INSTRUCTIONS TO FOLLOW: Filter the entries down to the lines holding "carrying", then copy those lines.

RECORDS TO PROCESS:
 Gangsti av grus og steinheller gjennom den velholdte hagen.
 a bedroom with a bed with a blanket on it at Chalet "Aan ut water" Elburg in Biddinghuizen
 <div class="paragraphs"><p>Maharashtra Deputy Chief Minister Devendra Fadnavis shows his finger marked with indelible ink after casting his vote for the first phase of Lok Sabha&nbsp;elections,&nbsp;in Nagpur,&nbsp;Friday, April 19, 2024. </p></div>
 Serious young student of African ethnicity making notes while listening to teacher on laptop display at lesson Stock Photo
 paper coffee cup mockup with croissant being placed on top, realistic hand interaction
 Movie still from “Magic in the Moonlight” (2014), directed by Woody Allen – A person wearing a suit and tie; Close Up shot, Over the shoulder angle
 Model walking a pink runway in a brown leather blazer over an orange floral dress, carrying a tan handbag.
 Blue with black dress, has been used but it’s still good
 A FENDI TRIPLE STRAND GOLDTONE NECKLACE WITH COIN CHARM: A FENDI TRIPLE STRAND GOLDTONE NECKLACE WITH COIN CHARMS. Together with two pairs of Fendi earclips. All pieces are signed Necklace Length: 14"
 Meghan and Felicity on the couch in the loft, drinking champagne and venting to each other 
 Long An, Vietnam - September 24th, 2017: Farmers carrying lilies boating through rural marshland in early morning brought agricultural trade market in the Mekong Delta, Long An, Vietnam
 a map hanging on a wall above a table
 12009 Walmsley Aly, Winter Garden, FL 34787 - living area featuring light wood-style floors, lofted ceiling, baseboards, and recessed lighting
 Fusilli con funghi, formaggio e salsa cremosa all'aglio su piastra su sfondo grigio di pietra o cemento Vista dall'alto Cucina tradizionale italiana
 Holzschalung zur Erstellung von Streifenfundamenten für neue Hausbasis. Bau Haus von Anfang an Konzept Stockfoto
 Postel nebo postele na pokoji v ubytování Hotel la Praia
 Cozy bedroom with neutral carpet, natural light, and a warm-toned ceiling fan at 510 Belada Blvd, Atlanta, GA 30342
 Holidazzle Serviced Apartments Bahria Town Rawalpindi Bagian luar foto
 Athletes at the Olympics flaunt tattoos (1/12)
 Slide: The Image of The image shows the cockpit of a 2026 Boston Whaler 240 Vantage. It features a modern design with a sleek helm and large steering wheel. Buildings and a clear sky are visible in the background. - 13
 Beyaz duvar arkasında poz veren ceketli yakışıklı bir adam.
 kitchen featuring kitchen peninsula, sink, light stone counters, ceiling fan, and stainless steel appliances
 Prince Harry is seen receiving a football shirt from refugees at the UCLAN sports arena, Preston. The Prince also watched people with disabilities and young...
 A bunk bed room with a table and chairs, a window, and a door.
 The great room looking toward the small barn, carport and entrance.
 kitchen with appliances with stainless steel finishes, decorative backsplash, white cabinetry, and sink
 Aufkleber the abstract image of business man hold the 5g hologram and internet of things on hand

RESPONSE:
 Model walking a pink runway in a brown leather blazer over an orange floral dress, carrying a tan handbag.
 Long An, Vietnam - September 24th, 2017: Farmers carrying lilies boating through rural marshland in early morning brought agricultural trade market in the Mekong Delta, Long An, Vietnam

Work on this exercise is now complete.